# Brush Guard makes the truck



## CalHvyMetl (Dec 4, 2006)

I got my HB after it had been crashed, the original brush guard was not replaced as a trade off for the deductible. The paint was oxidized so badly it looked flat black, except for the hood and fender that were replaced. I had it buffed out and finally got the brush guard ( Nissan still has it in stock!)

What a difference. here it is without









Here it is with









11 year old factorry paint, and it's a mirror









Just so everyone knows it's me









Love my Hard Body


----------



## dvdswanson (Nov 6, 2005)

nice looking truck and welcome to the forum, like the license plate too. any plans for upgrades?


----------



## CalHvyMetl (Dec 4, 2006)

Thanks. Right now I'm waiting for warm weather to clean the frame and undercoat it. I need to replace the carrier bearing, too.
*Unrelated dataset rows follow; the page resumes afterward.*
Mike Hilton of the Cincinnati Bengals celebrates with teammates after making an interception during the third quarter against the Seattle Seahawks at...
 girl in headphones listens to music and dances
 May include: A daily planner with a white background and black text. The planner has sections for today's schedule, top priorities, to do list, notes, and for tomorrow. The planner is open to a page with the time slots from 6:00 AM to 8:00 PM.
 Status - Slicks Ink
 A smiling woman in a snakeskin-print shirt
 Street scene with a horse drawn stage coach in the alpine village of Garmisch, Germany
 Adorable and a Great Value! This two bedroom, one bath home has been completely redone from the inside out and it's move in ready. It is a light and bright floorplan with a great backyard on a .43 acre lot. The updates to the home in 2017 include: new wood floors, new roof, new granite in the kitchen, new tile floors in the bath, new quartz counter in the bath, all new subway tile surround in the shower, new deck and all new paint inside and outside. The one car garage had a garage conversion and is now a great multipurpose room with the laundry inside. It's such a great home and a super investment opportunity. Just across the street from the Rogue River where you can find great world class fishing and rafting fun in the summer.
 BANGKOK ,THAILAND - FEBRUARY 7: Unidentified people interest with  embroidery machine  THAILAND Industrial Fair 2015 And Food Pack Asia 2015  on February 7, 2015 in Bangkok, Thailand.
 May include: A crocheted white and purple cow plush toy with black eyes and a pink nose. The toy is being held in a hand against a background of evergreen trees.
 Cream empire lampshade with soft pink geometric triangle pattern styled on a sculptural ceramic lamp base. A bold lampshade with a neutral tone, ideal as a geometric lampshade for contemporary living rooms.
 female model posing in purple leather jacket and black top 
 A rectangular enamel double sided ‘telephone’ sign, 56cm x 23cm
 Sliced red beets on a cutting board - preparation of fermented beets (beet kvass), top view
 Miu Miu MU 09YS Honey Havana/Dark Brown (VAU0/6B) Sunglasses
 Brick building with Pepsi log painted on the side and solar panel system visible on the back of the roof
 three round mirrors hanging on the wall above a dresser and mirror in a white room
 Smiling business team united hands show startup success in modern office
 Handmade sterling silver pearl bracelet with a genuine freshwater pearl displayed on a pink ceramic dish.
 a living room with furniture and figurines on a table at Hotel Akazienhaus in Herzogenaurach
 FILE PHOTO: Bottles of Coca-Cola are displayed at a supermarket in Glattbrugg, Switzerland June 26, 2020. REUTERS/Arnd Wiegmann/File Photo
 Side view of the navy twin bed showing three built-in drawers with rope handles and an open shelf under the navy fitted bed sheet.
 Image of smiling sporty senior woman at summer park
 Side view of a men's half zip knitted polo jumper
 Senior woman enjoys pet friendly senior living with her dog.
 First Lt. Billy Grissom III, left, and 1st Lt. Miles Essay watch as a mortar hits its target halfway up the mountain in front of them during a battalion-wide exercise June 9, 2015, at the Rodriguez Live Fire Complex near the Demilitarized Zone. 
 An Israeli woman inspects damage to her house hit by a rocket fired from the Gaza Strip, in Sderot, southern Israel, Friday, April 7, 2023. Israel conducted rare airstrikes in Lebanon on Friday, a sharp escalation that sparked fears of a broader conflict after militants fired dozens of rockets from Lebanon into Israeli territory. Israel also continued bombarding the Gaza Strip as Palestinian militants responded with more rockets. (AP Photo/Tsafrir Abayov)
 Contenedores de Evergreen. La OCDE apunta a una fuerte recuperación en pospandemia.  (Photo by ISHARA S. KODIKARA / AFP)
After that, I'm thinking of upgrading the suspension. Maybe a slight lift, so I can run 33's instead of the 31's on there now.


----------



## mtnbound (Dec 1, 2003)

Wow - that paint looks great. Do you have the part number & price for the brush guard? Also, I'm looking for just the grille guard - is yours a 1-piece, or 3-piece? (i.e. the parts that cover the headlights bolt off..)

Thanks - nice work!


----------



## CalHvyMetl (Dec 4, 2006)

Ummmm. part # was on paperwork. Lmao, paper got tossed. Grille guard was $146.23, brush guard ( the two bolt ons to cover head lights) was $59.78. Just go to any Nissan parts dept., tell them you want the factory grille guard for a '95 SE 4x4 king cab V6. You'll need a few drill bits and a tap to install it, but it's an afternoon project. Well worth the effort.


----------